• EXERCISE GOAL:
Your reply is to be the lines below, exactly as written, with images omitted.

═════ PROVIDED DATA ═════

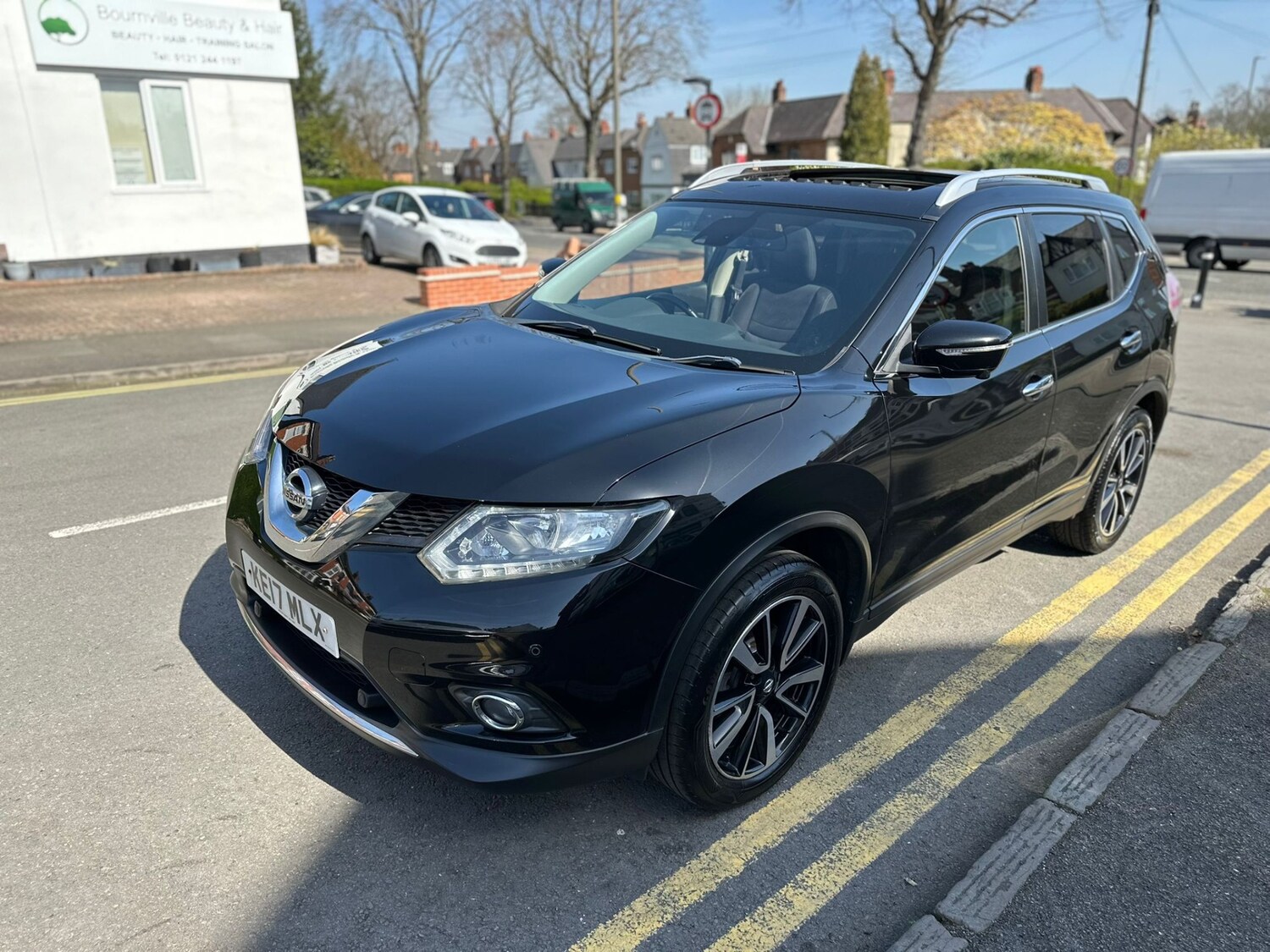 Used Nissan X-Trail 2017 for sale - 78176596: Photo 17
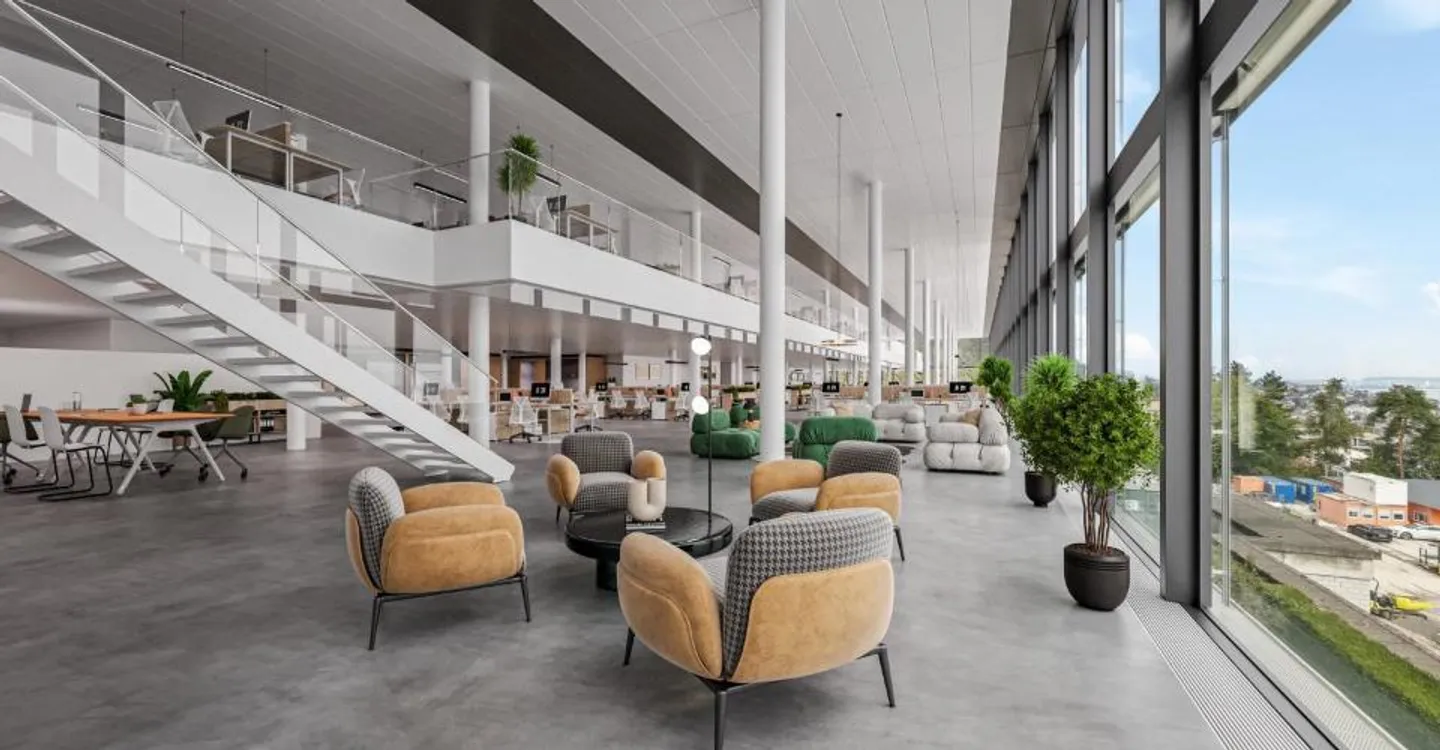 Flexible Office Space in Horgen - Photo 4 of 13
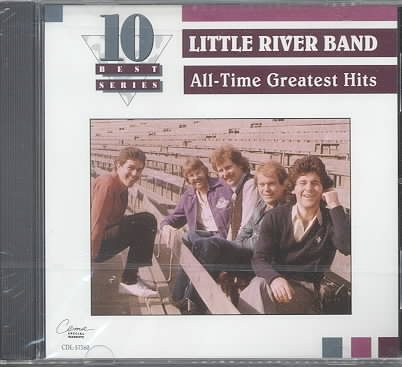 Little River Band: All-Time Greatest Hits cover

═════

• TASK RESULT:
 Used Nissan X-Trail 2017 for sale - 78176596: Photo 17
 Flexible Office Space in Horgen - Photo 4 of 13
 Little River Band: All-Time Greatest Hits cover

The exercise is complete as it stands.